Ünye'de ramazanlar dolu dolu geçerdi. Sahurdan sonra sabah namazına gidilirdi. Sadece erkekler değil annem ve komşu teyzelerle koşarak camiye gittiğimi hatırlıyorum.  Öğleye doğru evde Mukabele okutulurdu. Konu komşu kadınlar  ellerinde kuranları ile gelirler 30 ramazan okunan Kuran-ı Kerim'i sürerlerdi. (Sürmek: hocanın sesli okuduğu kuranı gözleri ile takip etmek)  Gelen erkek hoca salonda onun için özel ayrılmış koltuğuna oturur, her gün bir cüz okurdu aynı saatte gelip. O koltuğun önüne bir perde çekilirdi, bu genelde beyaz bir çarşafın gerilmesiyle olurdu. Maksat; hocanın, çevresinde oturan kadınları görmemesi ve rahatça Kuranını okumasıydı sanırım. Ben çocuk aklımla çok merak ederdim, hocanın o perdenin arkasında ne yaptığını. Köşesinden arasından perdeyi aralayıp gizlice baktığım olmuştur. Arapça okunan Kuran-ı Kerimde ne anlatılmak istendiğini ise merakla bana hediye edilmiş olan türkçe meali de yanında yazılı olan Kuranımdan okurdum. Mukabele sürmek aslında Arapça yazıları gözle takip etmekti ama, benim çoğu zaman türkçe anlamına gözüm kayar bunu okumak da çok hoşuma giderdi. Olaylar anlatılırdı çünkü hikaye gibi bu cüzlerde. Büyüdükçe de merak etmişimdir, o komşu teyzelerin kaçı acaba her ramazan sürdükleri Kuran-ı Kerim'in ne anlattığını biliyorlar?
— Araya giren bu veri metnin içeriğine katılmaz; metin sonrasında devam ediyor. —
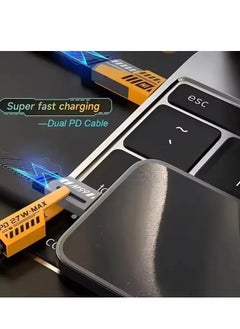 LIVVY 65W 4-in-1 Fast Charging Cable – USB C, USB A, Lightning & Type-C – كابل شحن سريع مضفر بطول 2 متر – Data Cable for iPhone 13/14/15/16, iPad, MacBook, Samsung S24/S23, Android – مع حامل كابل – يدعم PD & QC  - Image 4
Akşam iftar vakti yaklaştığında ise balkonda beklerdi çocuklar Top'un atılıp orucun bozulmasını. Çakırtepe'den top atılırdı ezanla birlikte herkes top sesi ve ezanla orucunu açardı Ünye'de. Balkona çıkıp da denizi görmek çok doğaldı, güneş denizden çıkar=doğar denize batardı= düşerdi. Karadeniz sahilinde yaşamak böyle birşeydi. Bunun kıymetini yıllar sonra denizi olmayan Ankara'da yaşamaya başlayınca anladım.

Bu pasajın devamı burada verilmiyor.